_Exercise description_. Starting at the line that contains "Green Black White", write out each line through the end of the data below, exactly as it stands. Skip any pictures.

_Source data_.
________________
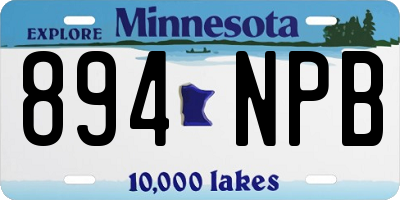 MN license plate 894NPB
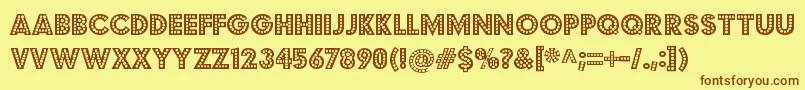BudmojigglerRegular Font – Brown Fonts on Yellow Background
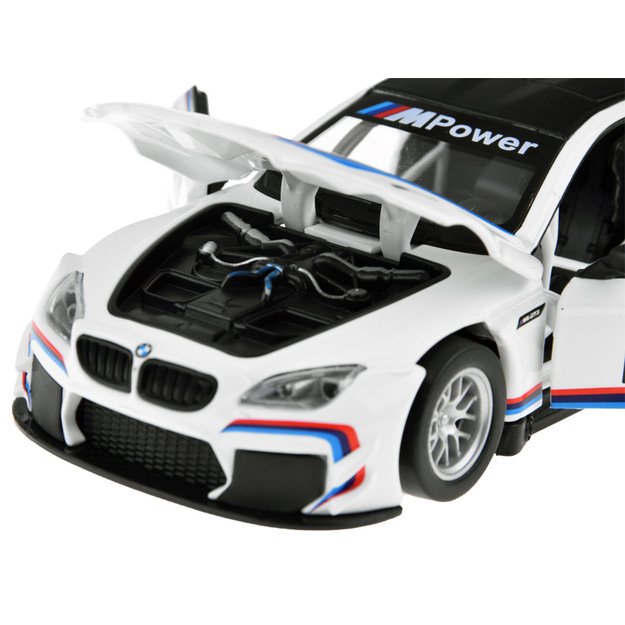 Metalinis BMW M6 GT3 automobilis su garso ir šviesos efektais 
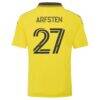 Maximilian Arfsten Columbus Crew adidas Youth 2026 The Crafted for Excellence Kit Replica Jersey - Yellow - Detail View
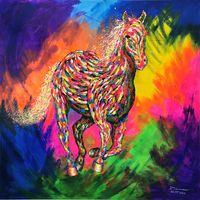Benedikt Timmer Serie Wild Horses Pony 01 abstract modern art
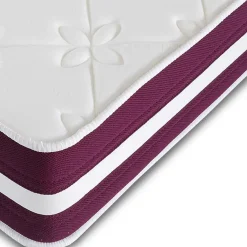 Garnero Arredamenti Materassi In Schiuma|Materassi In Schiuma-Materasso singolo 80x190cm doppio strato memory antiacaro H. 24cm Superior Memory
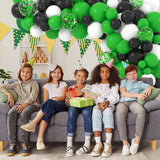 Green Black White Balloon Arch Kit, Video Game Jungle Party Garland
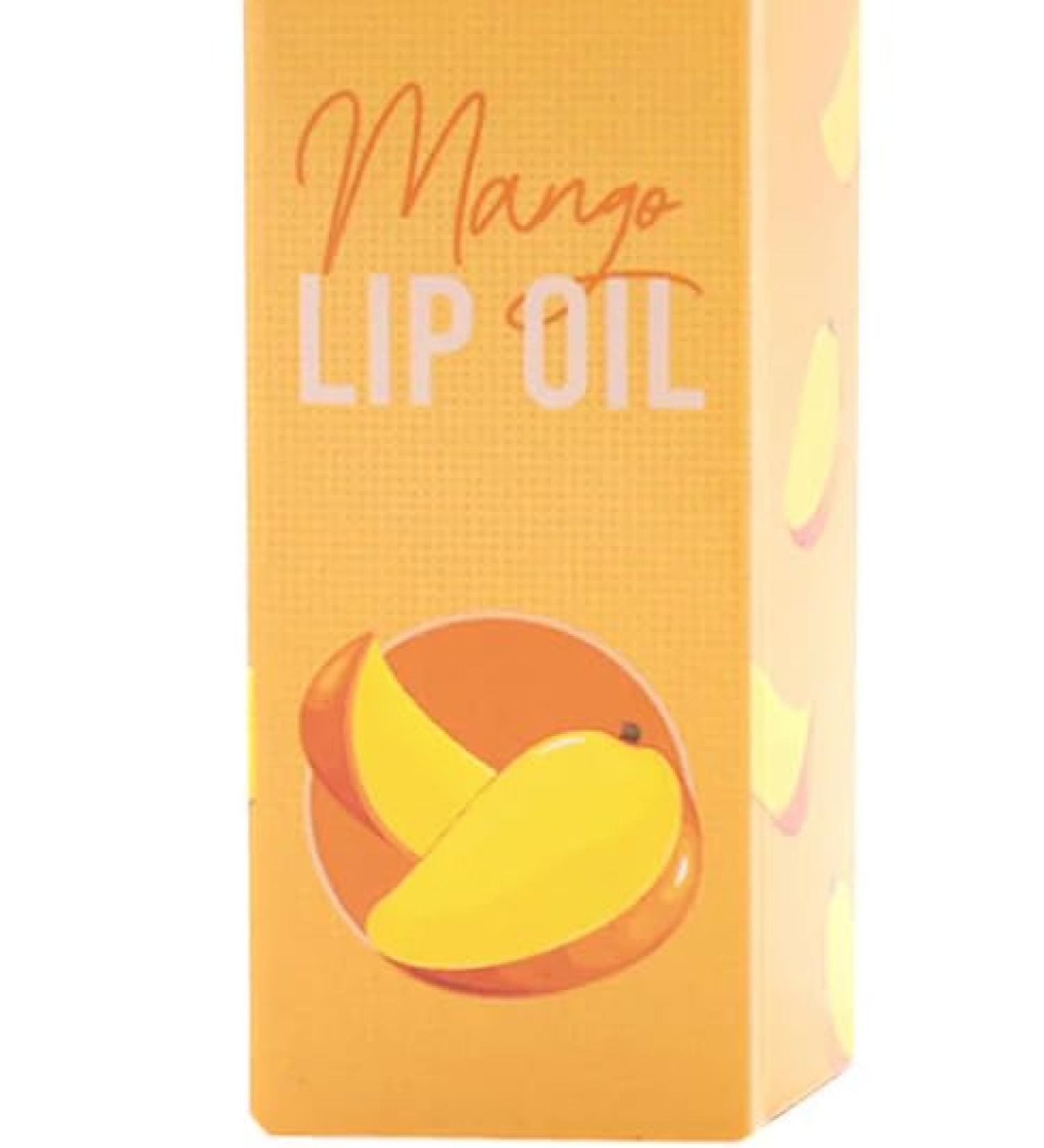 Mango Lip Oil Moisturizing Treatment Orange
________________
_Written solution_.
 Green Black White Balloon Arch Kit, Video Game Jungle Party Garland
 Mango Lip Oil Moisturizing Treatment Orange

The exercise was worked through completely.